The latest news of a development under the rezoning illustrates this. According to published reports, 40 Wooster Street, a six-story commercial building in the rezoning area, will be converted to full-floor and duplex luxury apartments, including one with its own private pool — all thanks to the rezoning (prior zoning would not have allowed such a conversion). And while City officials promised all residential developments under the rezoning would include affordable housing, this one utilizes one of the many loopholes highlighted by Village Preservation that allows them to avoid doing so. The retail ground floor is exempted from affordable housing requirements (the new zoning actually requires a retail ground floor), leaving just shy of 12,500 sq ft of residential space to be developed above. Developments with less than 12,500 sq ft of residential space are exempted from the affordable housing requirements.
This is the latest in a long line of projects announced or begun under the rezoning that deviated from the City’s promises and predictions. At 32 Thompson Street, the City initially predicted no development would take place because the site contained a building with rent-regulated apartments, which it claimed would not be endangered by the rezoning. The building and all its rent-regulated units have since been demolished, with no word yet as to what will be built there. At 360 Bowery, where the City predicted affordable housing would be included in a new development, a 283-ft-tall luxury office tower has gone up with no affordable housing.

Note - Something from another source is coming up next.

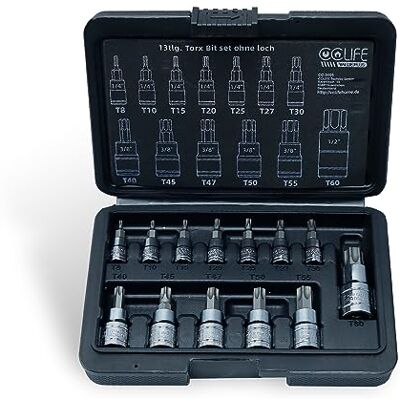CCLIFE 13pcs Conjunto de Chaves de Torque Torx T8-T60, Aço S2, Ideal para Oficinas e Automóveis CCLIFE 13pcs Conjunto de Chaves de Torque Torx T8-T60, Aço S2, Ideal para Oficinas e Automóveis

Another announced development on Centre Street — located within what the plan’s proponents labeled a “housing opportunity zone” within the rezoning — will also include no housing, affordable or otherwise. There are two announced developments in the rezoning area that are supposed to include some affordable housing, along with three times as many super-luxury units: one at 126 Lafayette Street, which appears to be in some limbo since demolition work on the site resulted in the death of a worker; and one at 277 Canal Street where no work has yet begun, but which is located on a site where the City predicted no new development would take place under the rezoning.